# [Data extract]
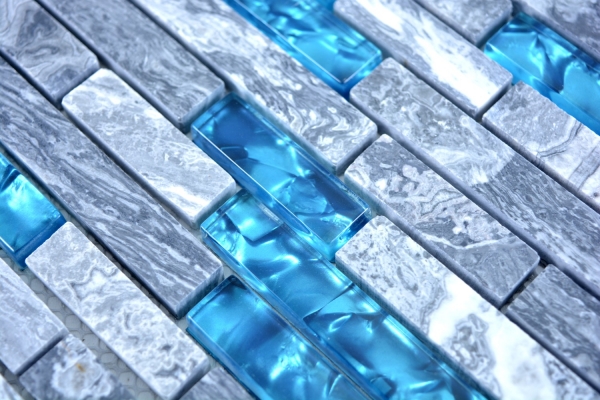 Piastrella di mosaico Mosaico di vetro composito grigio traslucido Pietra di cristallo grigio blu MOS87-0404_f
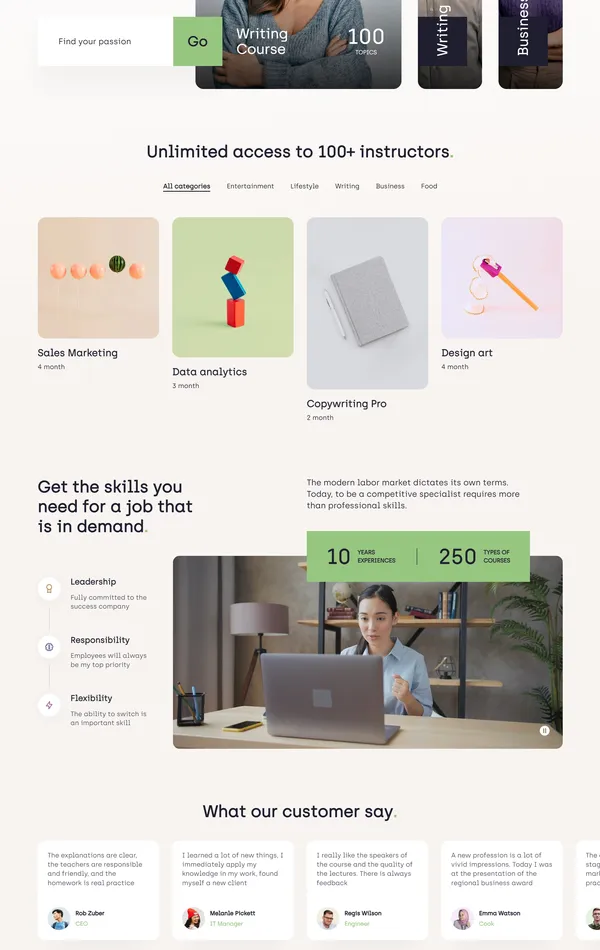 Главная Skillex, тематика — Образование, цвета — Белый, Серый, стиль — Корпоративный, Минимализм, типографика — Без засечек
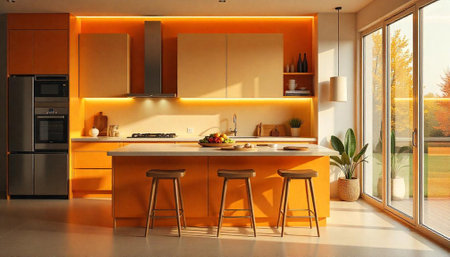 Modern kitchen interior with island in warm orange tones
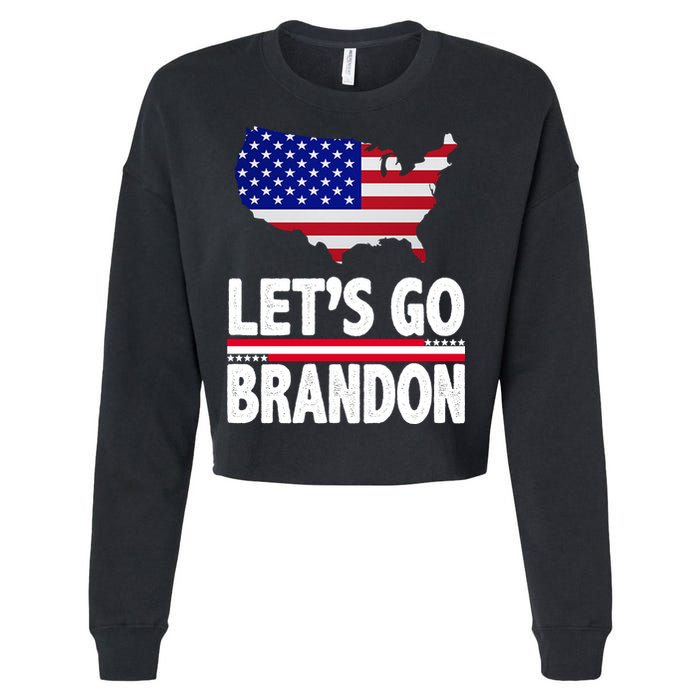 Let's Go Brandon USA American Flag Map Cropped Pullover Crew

# [Exercise brief]
With the pictures left out, give again exactly the lines from the one with "Modern kitchen interior" through the end of the data, both included.

# [Your solution]
 Modern kitchen interior with island in warm orange tones
 Let's Go Brandon USA American Flag Map Cropped Pullover Crew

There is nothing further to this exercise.